Remembering Tom Wolfe, 'The Man In The Ice-Cream Suit'
Tom Wolfe did not blend in. He was a southerner in New York, a New Yorker in the world, a reporter among novelists and vice-versa, and a man who wore ice cream white suits and peach-pink ties in artistic circles where men and women often wore black with occasional splashes of gray.
He once told me reporters shouldn't think they put someone at ease by dressing in their style. The person you interview, he said, will sniff out your gambit; or worse, decide you're a kindred spirit, so they had no need to explain themselves. But people are flattered and eager to explain themselves to an interested stranger — "a man from Mars who didn't know anything and was eager to know," as Tom Wolfe described himself.

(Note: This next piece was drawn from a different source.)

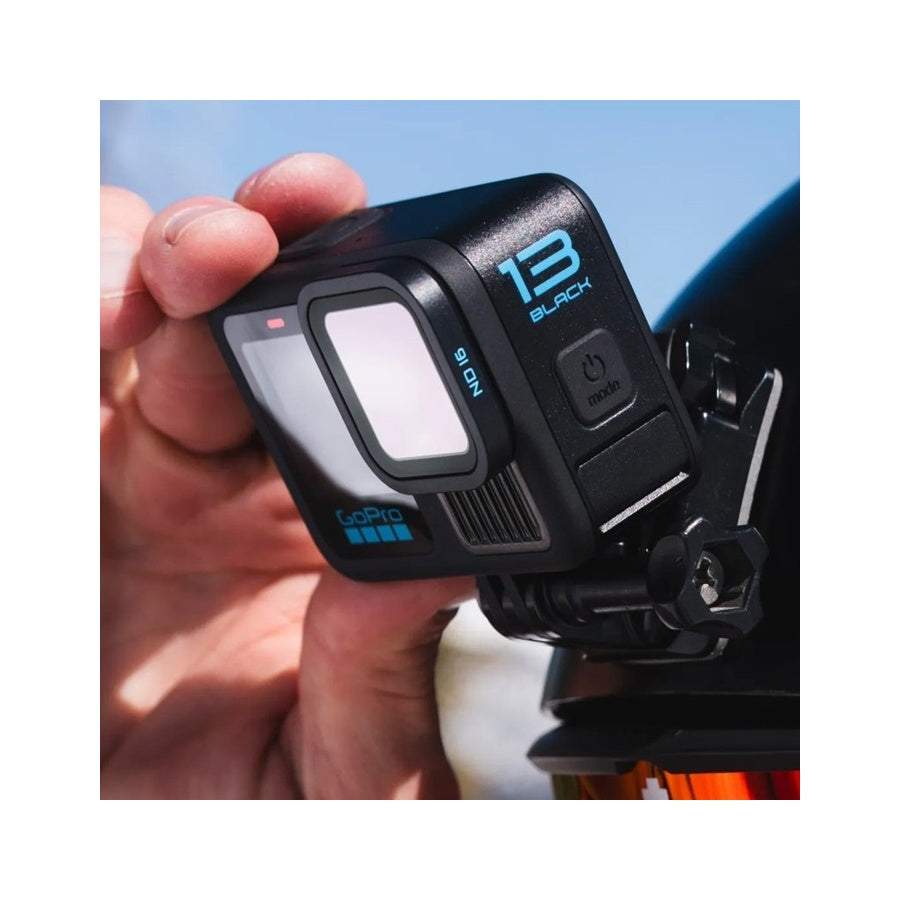 GoPro ND Filter Kit 4-Pack HB-Series for GoPro HERO 13 AENDF-001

And in his articles, essays, nonfiction, and novels, from The Right Stuffto The Bonfire of the Vanities, astronauts and fighter jocks, stock car drivers, Masters of the Universe, ostentatious modern artists, and counter-culture pranksters shared their anxieties and insights with the man in the ice-cream suit who wrote such gorgeous, curlicue sentences.
On this weekend of so much tragic news, it might be welcome to hear an example from the early 1960s, when Tom Wolfe wrote about a kiss between teenagers he saw in front of a subway station:
"Love! Attar of libido in the air! It is 8:45 A.M. Thursday morning in the IRT subway station at 50th Street and Broadway and already two kids are hung up in a kind of herringbone weave of arms and legs, which proves, one has to admit, that love is not confined to Sunday in New York. Still, the odds! All the faces come popping in clots out of the Seventh Avenue local, past the King Size Ice Cream machine, and the turnstiles start whacking away as if the world were breaking up on the reefs. Four steps past the turnstiles everybody is already backed up haunch to paunch for the climb up the ramp and the stairs to the surface, a great funnel of flesh, wool, felt, leather, rubber and steaming alumicron, with the blood squeezing through everybody's old sclerotic arteries in hopped-up spurts from too much coffee and the effort of surfacing from the subway at the rush hour. Yet there on the landing are a boy and a girl, both about eighteen, in one of those utter, My Sin, backbreaking embraces."
A dazzling passage from Tom Wolfe, who died this week at the age of 88.